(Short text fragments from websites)
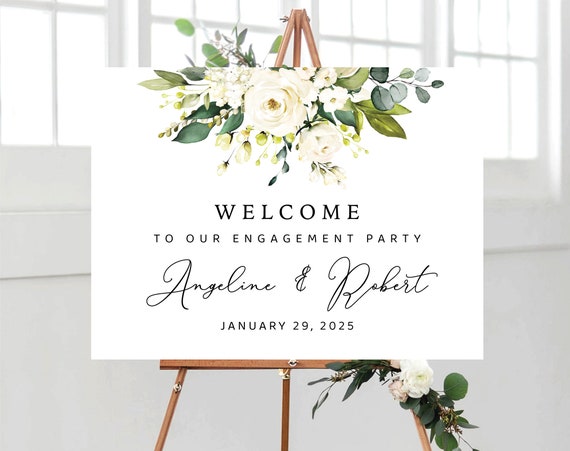 White roses Engagement party Welcome Sign, Greenery Engagement Party Decor, We are engaged, Bohemian, Eucalyptus, Cream roses, WR1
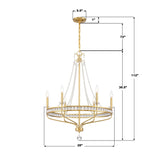 Crystorama Seville 6 Light Aged Brass Chandelier
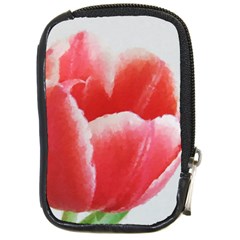 Tulip Red Watercolor Painting Compact Camera Cases by picsaspassion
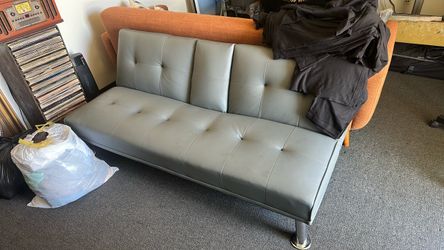 Gray Faux Leather Tufted Futon Sofa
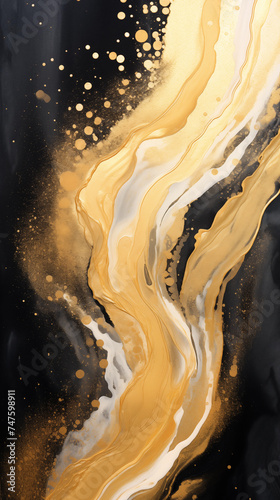 soft black and gold abstract watercolor background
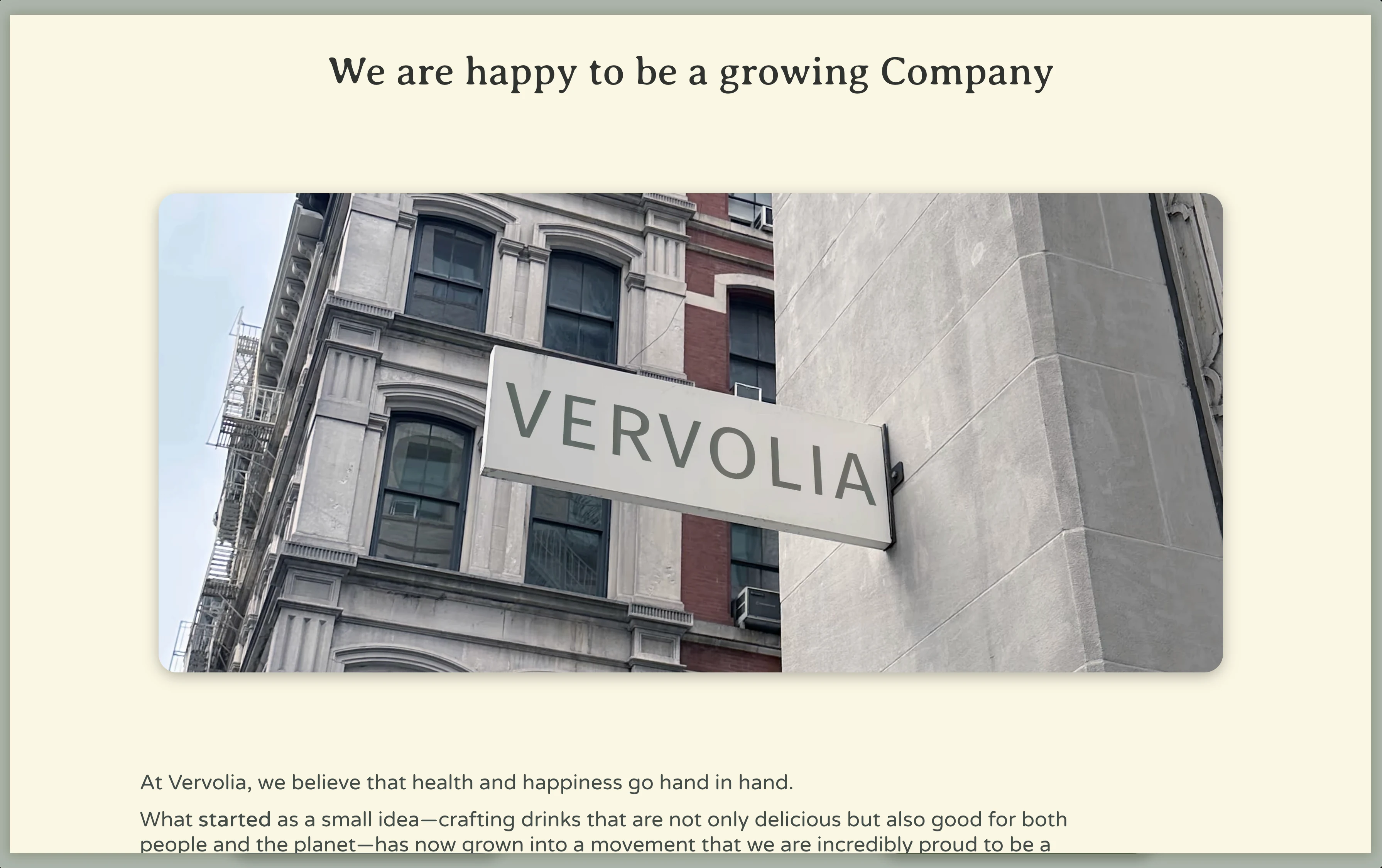 VERVOLIA company story page with a large branded storefront mockup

◆ **What is needed**
Apart from its pictures, the data is to be repeated exactly.

◆ **Solution to this task**
 White roses Engagement party Welcome Sign, Greenery Engagement Party Decor, We are engaged, Bohemian, Eucalyptus, Cream roses, WR1
 Crystorama Seville 6 Light Aged Brass Chandelier
 Tulip Red Watercolor Painting Compact Camera Cases by picsaspassion
 Gray Faux Leather Tufted Futon Sofa
 soft black and gold abstract watercolor background
 VERVOLIA company story page with a large branded storefront mockup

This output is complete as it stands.